Resonators for applying vibrational energy to some other member are known, for example in U.S. Pat. No. 4,363,992 to Holze, Jr. which shows a horn for a resonator, coupled to a piezoelectric transducer device supplying vibrational energy, and provided with slots partially through the horn for improving non uniform response along the tip of the horn. As exemplified by that patent, which is directed to blade-type welding devices, the horn is coupled to the transducer by means of a bolt type fastener. U.S. Pat. No. 3,113,225 to Kleesattel et al. shows a similar arrangement for other ultrasonic energy applying applications.

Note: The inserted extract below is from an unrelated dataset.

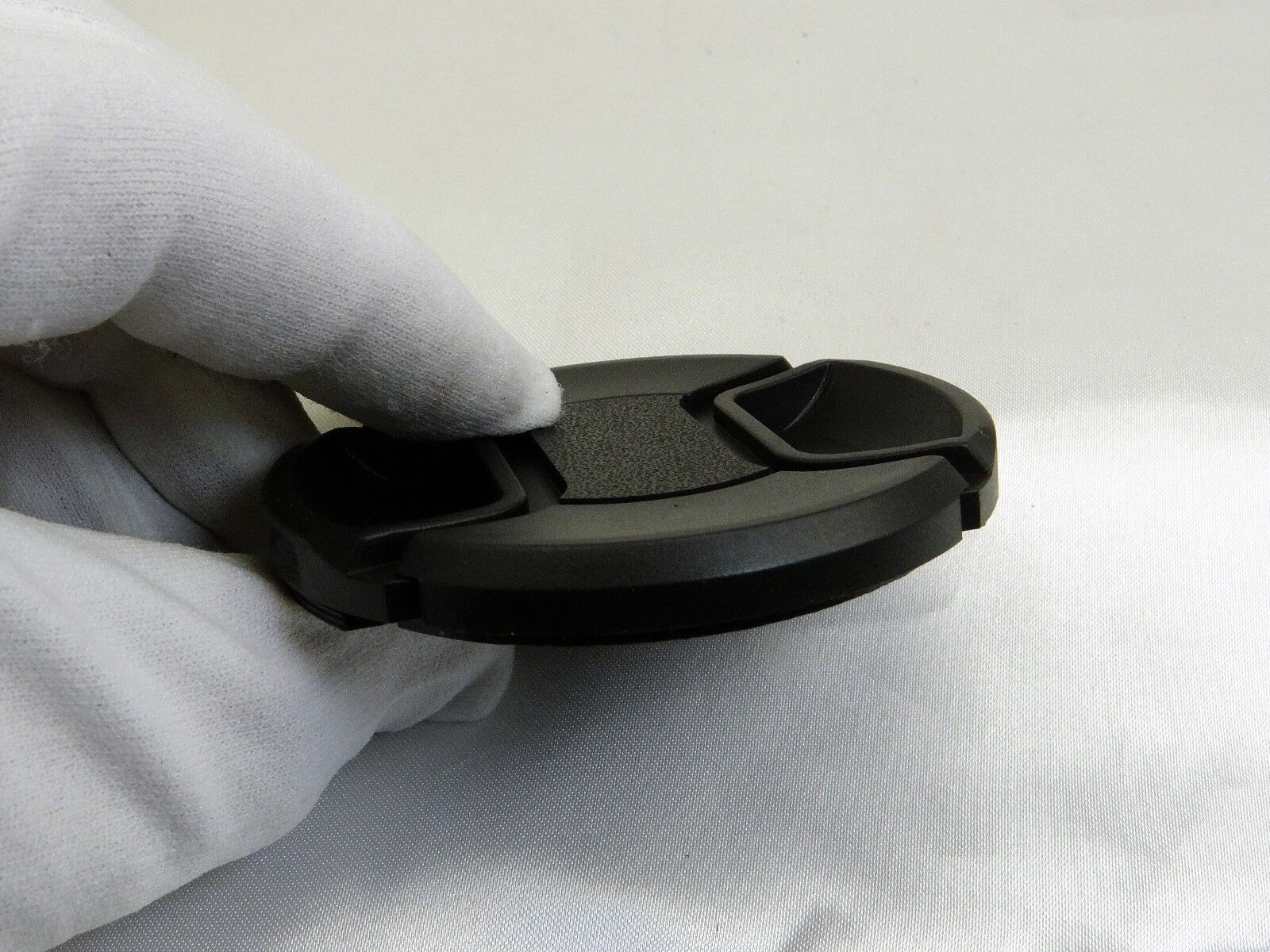 LC-67 67mm Lens Front Cap  Snap on type generic Black plastic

U.S. Pat. No. 5,081,500 discloses the use of fasteners extending through a piezoelectric transducer, horn, backplate combination configured for use as a resonator suitable for generating focused vibratory energy in an electrostatographic machine for applying uniform vibratory energy along the back side of the image bearing surface. However, it has been found that, in the application proposed for the release of toner from an image bearing surface, a resonator device of the type described in which clamping force is provided via bolted construction may be problematic in that extreme precision in the tightening of the bolts is required. While the bolt torque can be controlled, the axial compression cannot be easily controlled. Moreover, the bolt-to-thread friction losses are variable and random on a bolt-to-bolt basis. Since any variation in the clamping force will cause asymmetric device behavior, when uniform behavior is sought, it has been found that alternative fabrication techniques that eliminate variable clamping forces are necessary. To that end, that patent also briefly describes the use of an adhesive, such as an epoxy, and a conductive mesh layer for bonding the horn and piezoelectric transducer element together, without the requirement of a backing plate or bolts.
The present invention is directed toward a resonator assembly, particularly for use in electrostatographic applications, incorporating a piezoelectric transducer in combination with a waveguide horn, wherein improved bonding techniques are utilized to eliminate the problems found in prior art devices.
The following disclosures may be relevant to various aspects of the present invention:
U.S. Pat. No. 3,653,758 Patentee: Trimmer et al. Issued: Apr. 4, 1972
U.S. Pat. No. 4,111,546 Patentee: Maret Issued: Sep. 5, 1978
U.S. Pat. No. 4,713,572 Patentee: Bokowski et al. Issued: Dec. 15, 1987
U.S. Pat. No. 4,764,021 Patentee: Eppes Issued: Aug. 16, 1988
U.S. Pat. No. 4,987,456 Patentee: Snelling, et al. Issued: Jan. 22, 1981
The relevant portions of the foregoing disclosures may be briefly summarized as follows:
U.S. Pat. No. 3,653,758 discloses a pressureless non-contact electrostatic printing technique wherein additional force required to dislodge particles from a thin plate is supplied by imparting ultrasonic flexual shock waves to the thin plate.
U.S. Pat. No. 4,111,546 discloses enhancing cleaning by applying high frequency vibratory energy to an imaging surface with a vibratory member, coupled to an imaging surface at the cleaning station to obtain toner release. The vibratory member described is a horn arrangement excited with a piezoelectric transducer (piezoelectric element) at a frequency in the range of about 20 kilohertz.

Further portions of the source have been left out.